## [Problem description]
Output each entry verbatim and exclude every picture from it.

START Data section

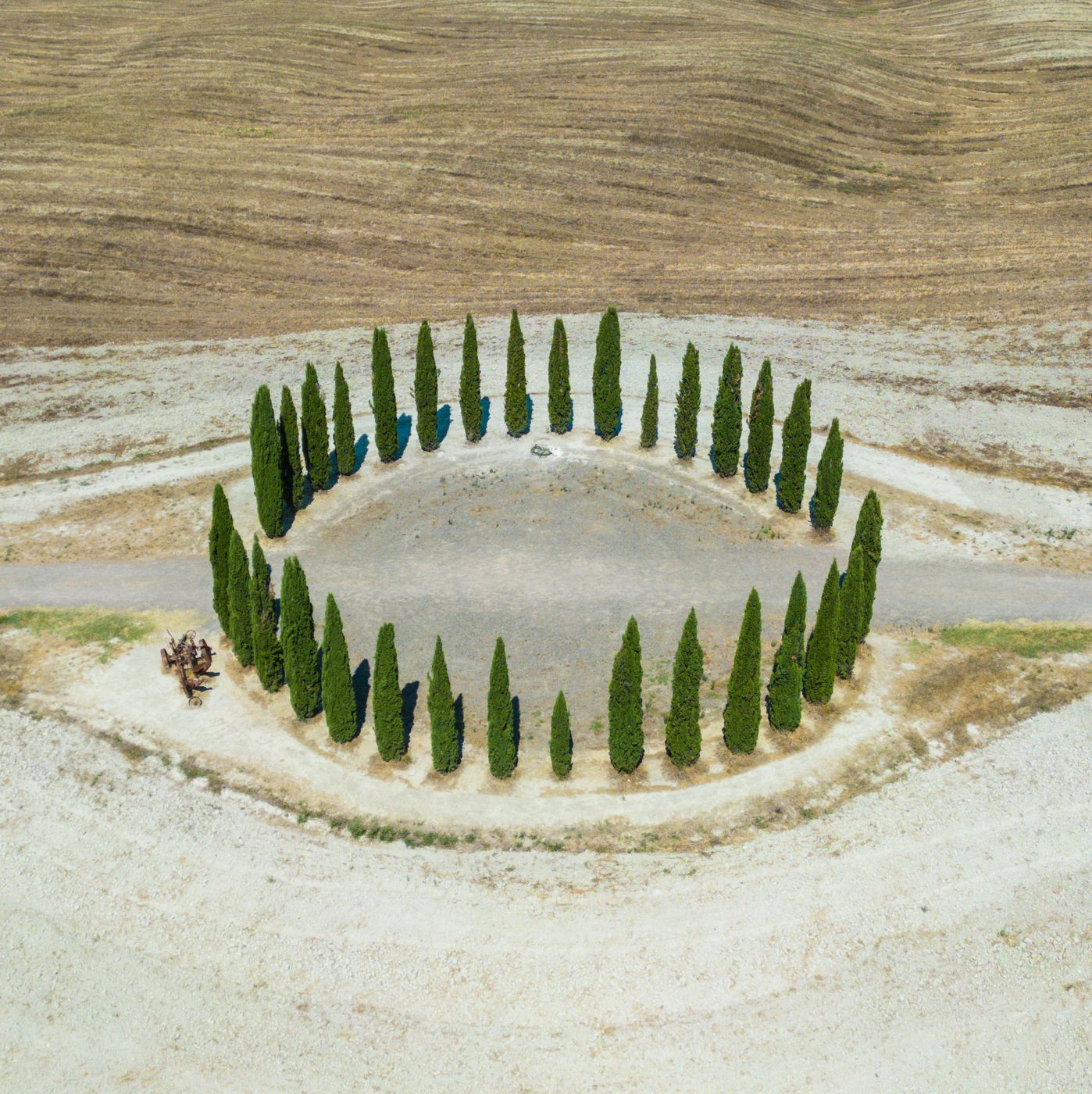 Zypressenring vor Montalcino, Italy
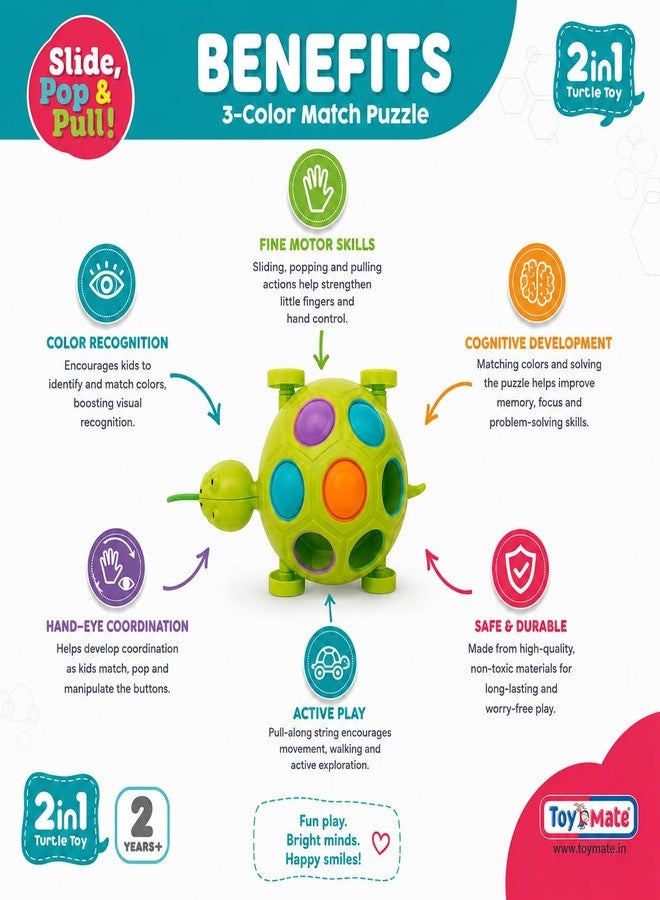 Toymate Slide, Pop & Pull Along Turtle Toy for Toddlers 2+ Years | Activity & Learning Toy for Babies, Toddlers, for Baby Boys & Girls, Encourage Walking, Improve Balance, Gift Set for Kids - Image 3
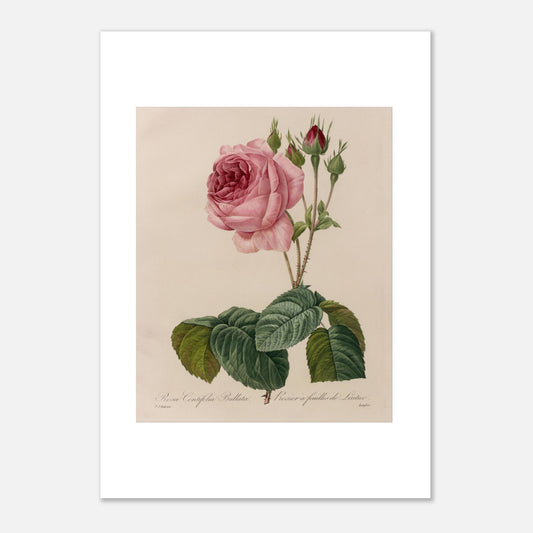 Planche botanique Rosa Centifolia Bullata de Pierre-Joseph Redouté (42x59,4 cm (A2)). Gravure botanique de Pierre-Joseph Redouté représentant une rose de couleur rose pâle, avec des boutons et des feuilles vertes.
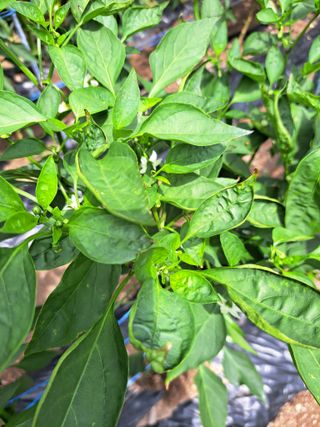 명솔님의 고추 · 병해충상담 작성글 사진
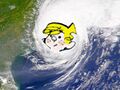 HurricaneDennisMenace.jpg
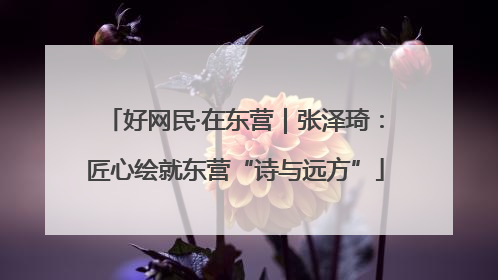 好网民·在东营｜张泽琦：匠心绘就东营“诗与远方”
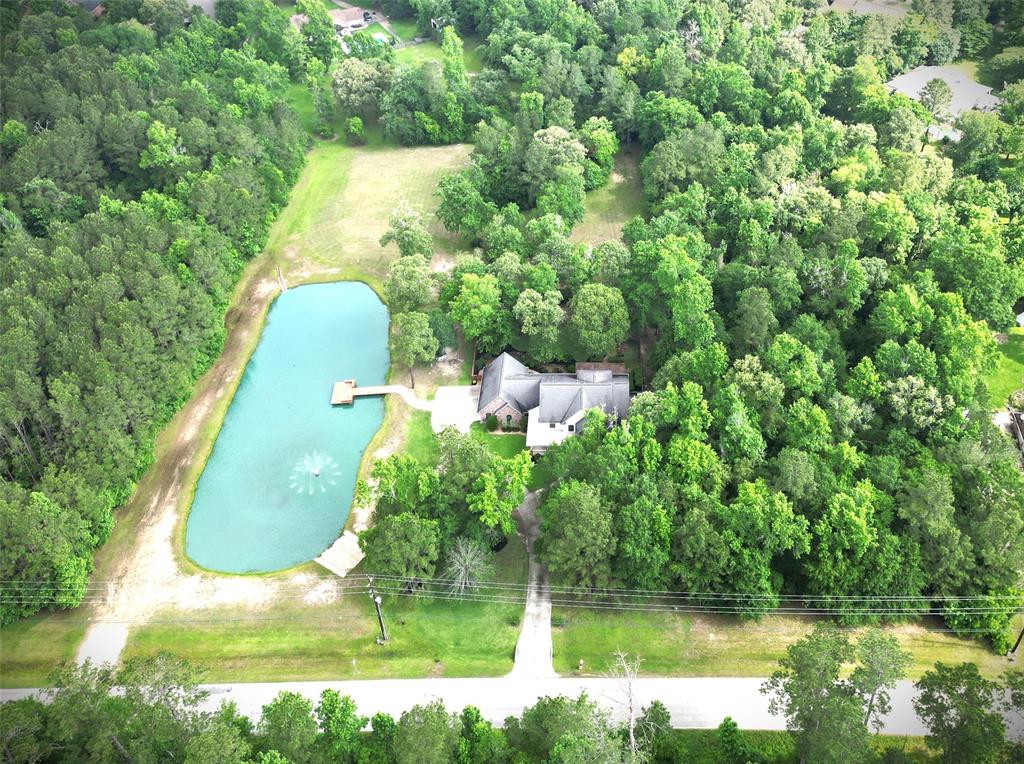 4034 Honea Egypt Road, Montgomery, Texas image 37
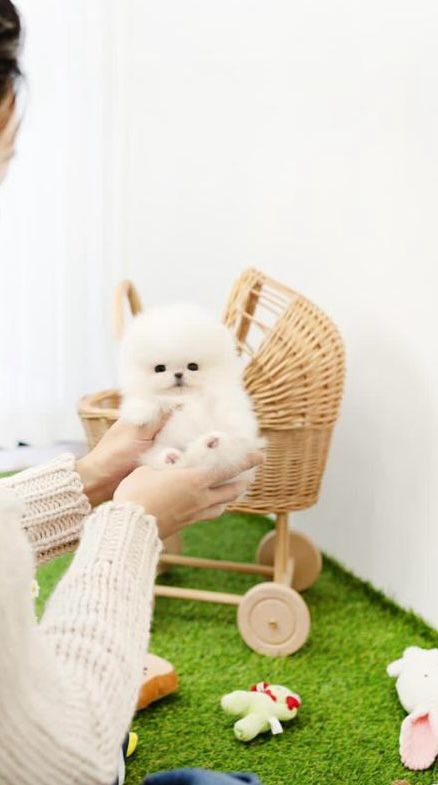 Teacup Pomeranian girls from South Korea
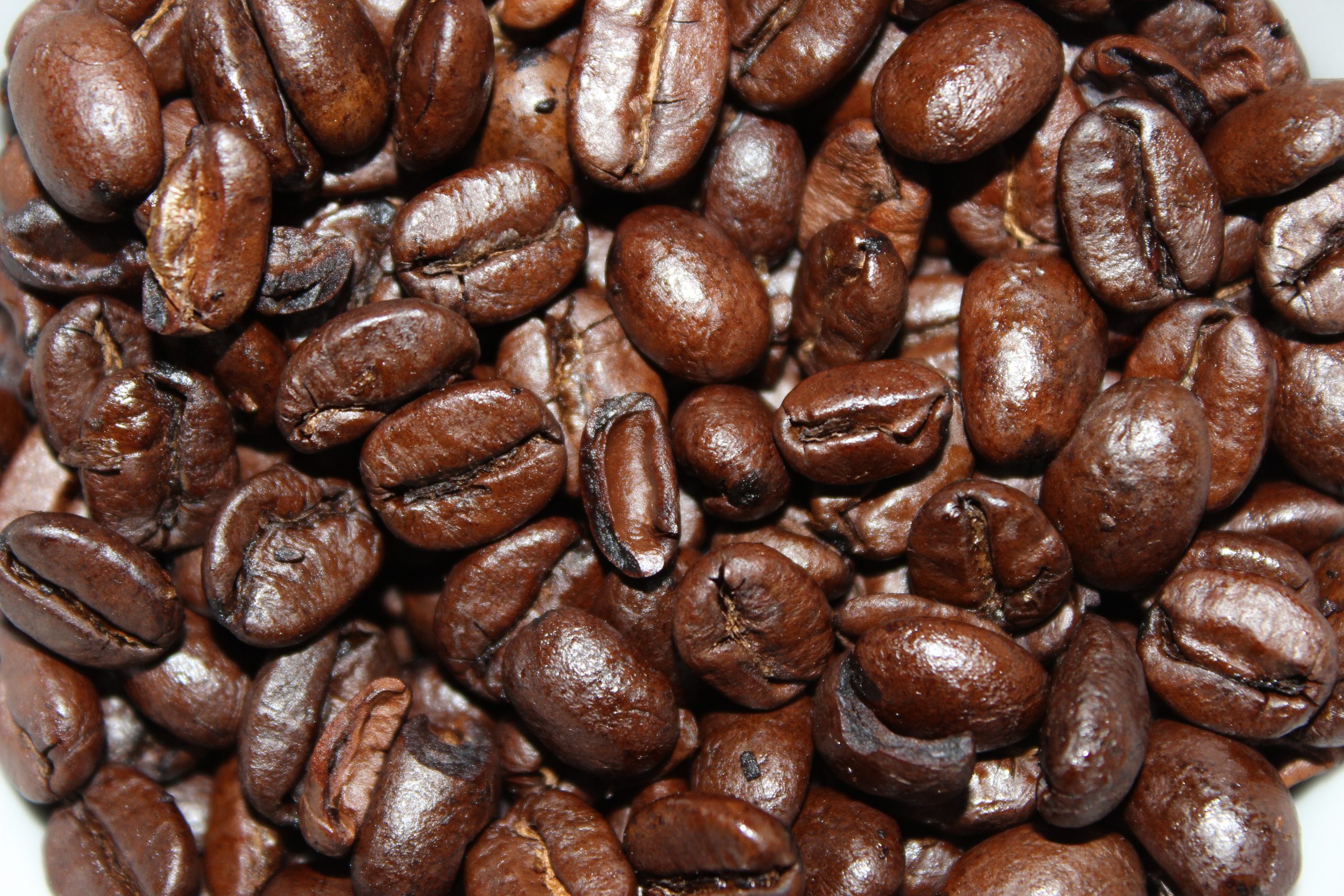 A close view of glossy medium-dark roasted coffee beans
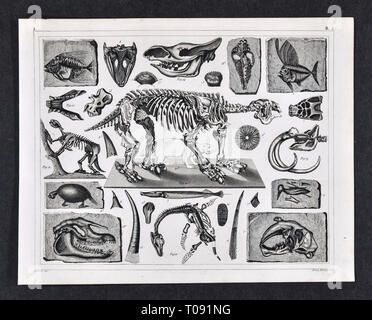 1849 Bilder Atlas Drucken - Prähistorische Fossilien und Skelette aus dem Pleistozän und Holoscene Zeitraum einschließlich der Megatherium, Glyptodon, Mammut und andere. Stockfoto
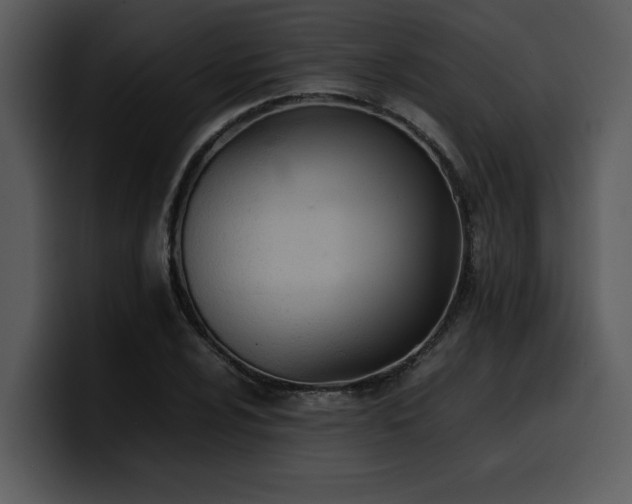 X0000100771024200806191237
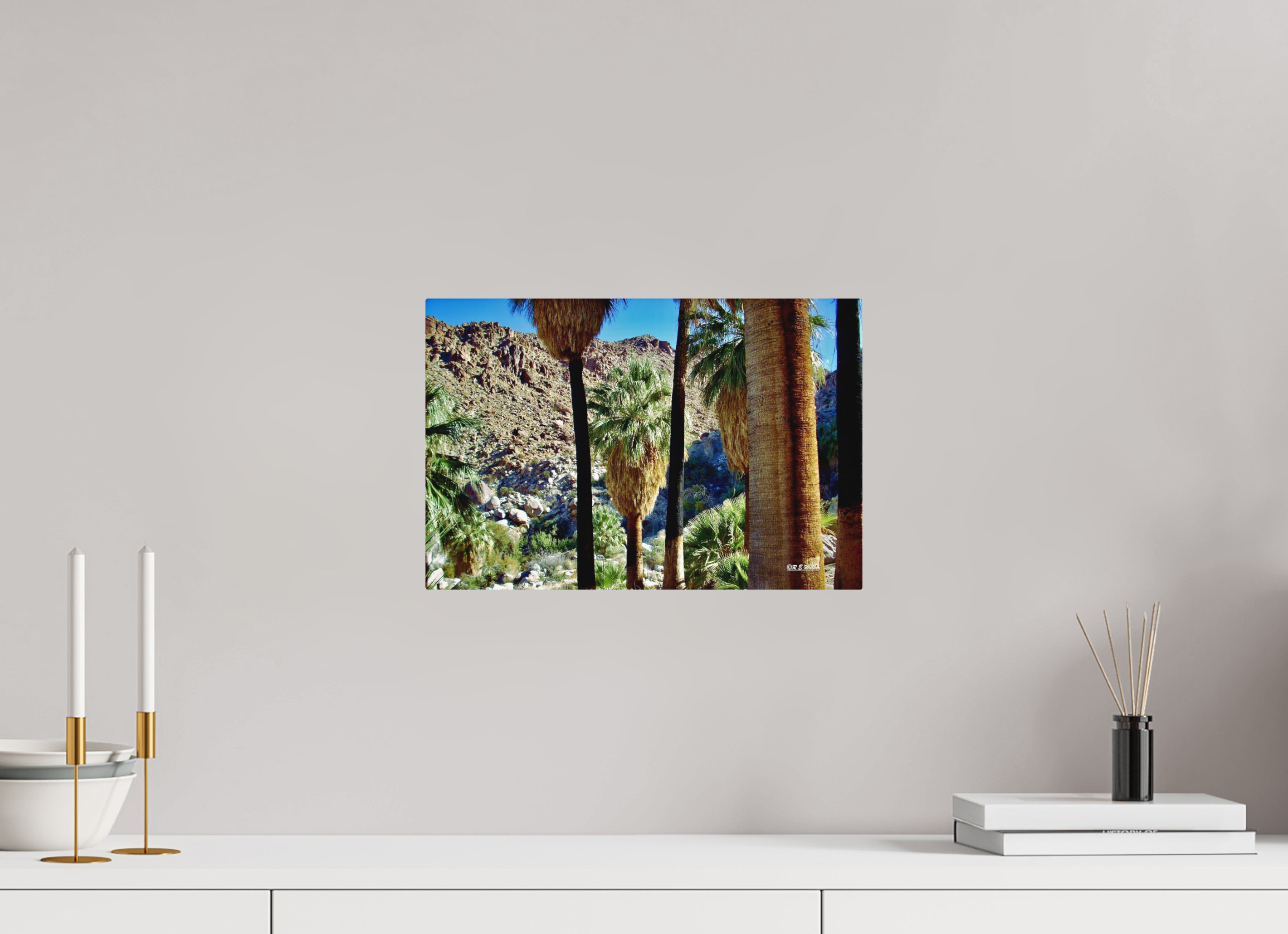 15 x 10″, Aluminum Oasis in Joshua Tree National Park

END Data section

## [Output below]
 Zypressenring vor Montalcino, Italy
 Toymate Slide, Pop & Pull Along Turtle Toy for Toddlers 2+ Years | Activity & Learning Toy for Babies, Toddlers, for Baby Boys & Girls, Encourage Walking, Improve Balance, Gift Set for Kids - Image 3
 Planche botanique Rosa Centifolia Bullata de Pierre-Joseph Redouté (42x59,4 cm (A2)). Gravure botanique de Pierre-Joseph Redouté représentant une rose de couleur rose pâle, avec des boutons et des feuilles vertes.
 명솔님의 고추 · 병해충상담 작성글 사진
 HurricaneDennisMenace.jpg
 好网民·在东营｜张泽琦：匠心绘就东营“诗与远方”
 4034 Honea Egypt Road, Montgomery, Texas image 37
 Teacup Pomeranian girls from South Korea
 A close view of glossy medium-dark roasted coffee beans
 1849 Bilder Atlas Drucken - Prähistorische Fossilien und Skelette aus dem Pleistozän und Holoscene Zeitraum einschließlich der Megatherium, Glyptodon, Mammut und andere. Stockfoto
 X0000100771024200806191237
 15 x 10″, Aluminum Oasis in Joshua Tree National Park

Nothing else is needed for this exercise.